Un faux agent de placement devant le tribunal pour une prétendue escroquerie à l’emploi en Russie qui a envoyé des Zimbabwéens dans une zone de guerre et fait une victime

Maria

Les Zimbabwéens attirés dans la guerre russe alors que leurs familles plaident pour leur retour

Un homme de HWANGE accusé d’avoir attiré des Zimbabwéens en leur promettant des emplois lucratifs en Russie, pour ensuite qu’ils finissent par combattre dans la guerre en Ukraine, a comparu devant le tribunal pour faire face à des accusations de trafic d’êtres humains après la mort de l’une des victimes présumées.
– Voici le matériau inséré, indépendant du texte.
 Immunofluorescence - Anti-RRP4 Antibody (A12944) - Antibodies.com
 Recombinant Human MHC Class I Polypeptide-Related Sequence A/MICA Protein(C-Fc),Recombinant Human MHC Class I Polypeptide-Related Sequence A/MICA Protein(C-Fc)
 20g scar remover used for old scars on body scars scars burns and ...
Oscar Sifelani Mtshiya (48 ans), du township d’Empumalanga Extension à Hwange, a comparu devant la magistrate de Harare, Jessie Kufa, qui l’a placé en détention provisoire jusqu’au 8 juillet pour une détermination de libération sous caution.
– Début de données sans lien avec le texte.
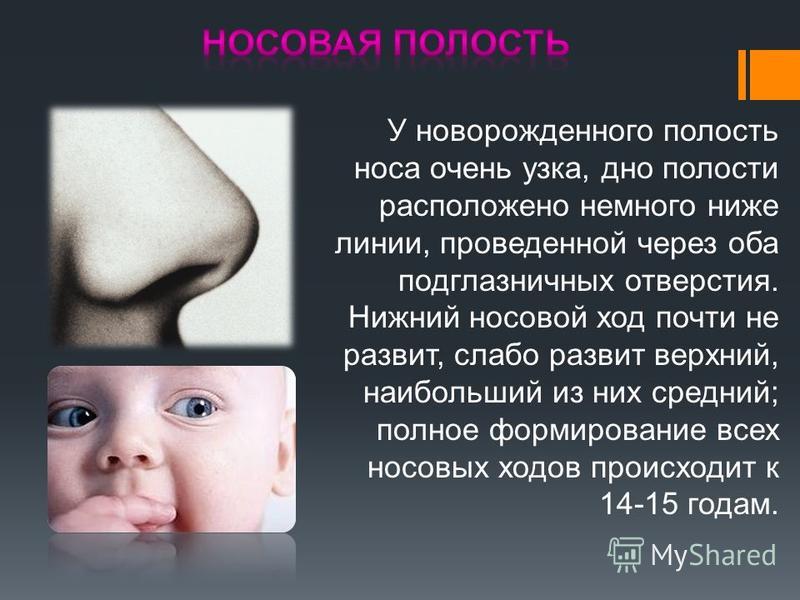 Какой нос будет у ребенка. Носовые ходы у новорожденного. Носовые ходы у грудничков. Узкие носовые ходы у новорожденного. Узкие носовые ходы у грудничка.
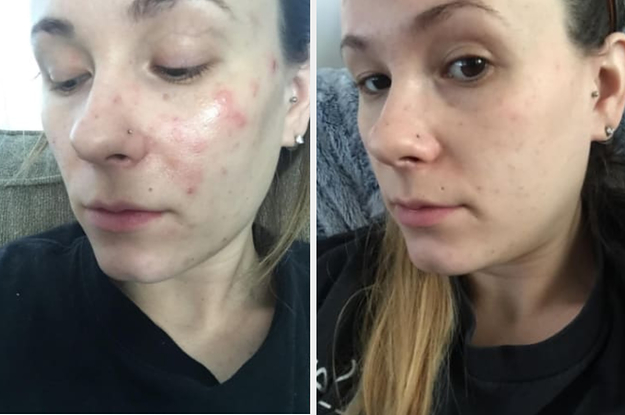 19 Skincare Products With Dramatic Before-And-After Photos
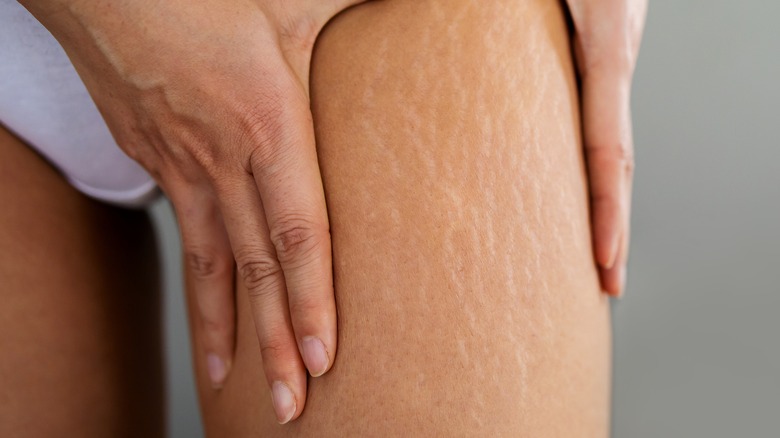 thin woman with stretch marks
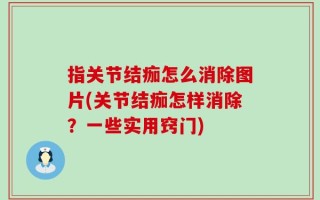 指关节结痂怎么消除图片(关节结痂怎样消除？一些实用窍门)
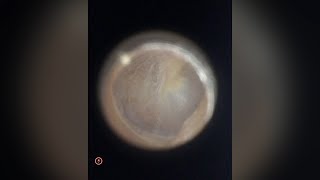 Otoscopy of Dehiscence of the Tegmen Tympani [upl. by Olimac985]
Mtshiya fait face à cinq chefs d’accusation de traite des personnes ainsi qu’à cinq chefs d’accusation pour avoir prétendument exploité une agence de placement sans enregistrement.

Selon l’État, entre janvier et juin de cette année, Mtshiya aurait travaillé avec quatre complices basés en Russie, toujours en fuite, pour recruter cinq Zimbabwéens en leur promettant de fausses emplois bien rémunérés.
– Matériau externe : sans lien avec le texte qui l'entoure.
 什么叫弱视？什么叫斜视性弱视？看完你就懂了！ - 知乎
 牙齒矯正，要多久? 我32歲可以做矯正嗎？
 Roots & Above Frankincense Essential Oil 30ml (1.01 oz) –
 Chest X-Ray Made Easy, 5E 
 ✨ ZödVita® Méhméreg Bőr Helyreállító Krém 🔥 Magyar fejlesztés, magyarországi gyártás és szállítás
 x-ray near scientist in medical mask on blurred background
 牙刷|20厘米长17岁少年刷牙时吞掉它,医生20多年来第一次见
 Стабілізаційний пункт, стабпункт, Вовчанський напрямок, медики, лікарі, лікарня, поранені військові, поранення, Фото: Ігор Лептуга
« L’accusé, agissant de connivence avec ses complices russes, a élaboré un plan visant à faire trafic de cinq victimes à des fins d’exploitation économique en Russie », affirment les procureurs.

Des documents judiciaires indiquent que les victimes se seraient vu promettre un emploi de pompier avec des salaires attractifs et des conditions de travail favorables.

D’autres auraient été informés qu’ils travailleraient pour le ministère russe de la Défense.

Cependant, l’État affirme qu’après leur arrivée en Russie, les victimes se sont vu confisquer leurs documents de voyage avant d’être contraintes de rejoindre une organisation militaire privée.

« Ils ont été soumis à l’exploitation du travail, privés de leur liberté de mouvement et contraints de suivre une formation de sept jours pour se familiariser avec les armes à feu avant d’être envoyés dans la zone de guerre en Ukraine pour combattre en tant que mercenaires », affirme l’accusation.

L’opération présumée n’a été révélée qu’après la mort de l’une des recrues.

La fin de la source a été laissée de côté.